Canada’s economy is largely expected to rebound this year, but a recent report suggests Canada could fare worse than similar countries in 2024 due to high levels of household debt.

An Oxford Economics report projects interest rates will come down in late 2024 as Canada experiences a “modest recovery.” But the researchers cautioned that the bounce-back will fall below consensus projections and “worse than other advanced economies.”

“One of the reasons we think Canada is going to have a recession and the U.S. might avoid one is because we have highly indebted households that are very dependant on the housing market and the economy and those impacts are flowing through now,” Tony Stillo, Oxford Economics’ director of economics for Canada, told BNN Bloomberg in Wednesday interview.

Overall, the December report suggested that Canadians will remain reluctant to spend even as interest rates come down.

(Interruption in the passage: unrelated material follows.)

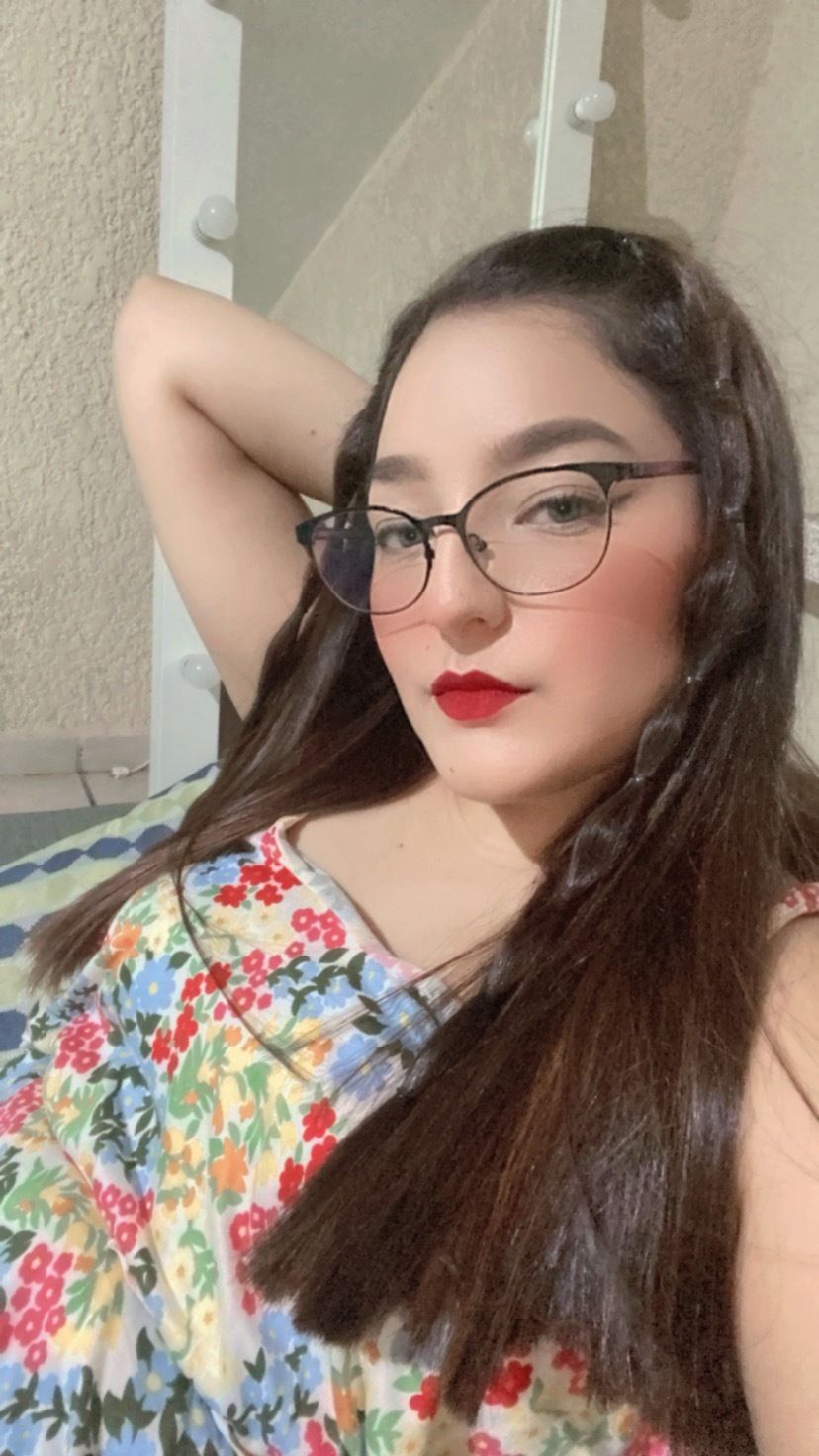 u262108614 OnlyFans profile picture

It also predicted immigration will help the labour market, but hurt the country’s housing supply.

“(Immigration) will benefit the economy,” Stillo said in the interview. “What we’re seeing is that it adds to the labour supply, but it takes a while for newcomers to fully settle into the economy, so that benefit for the economy in terms of higher actual GDP will be a few years away,”

Stillo doesn’t expect elevated immigration figures will impact home prices, as newcomers typically rent for a few years when they first arrive in the country. That means rental prices will be squeezed, but home prices shouldn’t feel the effects, he explained.


Stillo said he expects governments will come up with smaller measures to fight economic slowdown in order to avoid stoking inflation.

“What we’re expecting to see is modest targeted measures like you’ve seen to date, whether it’s the exemption from the carbon tax for home heating fuel, the GST exemption for purpose-built rentals, the grocery rebate, things of that nature,” he said.


If Canada wants to get back on the right track, it needs a boost from businesses, Stillo said.

“We’ve had lacklustre business investment for some time, what we need to see is higher investment by businesses (and) government as well in terms of the infrastructure that supports growth, and then you’ll see that benefit in terms of higher productivity,” he said.

“We have to improve our capital investment per worker, per person, and then we will hopefully get that benefit in productivity and higher living standards.”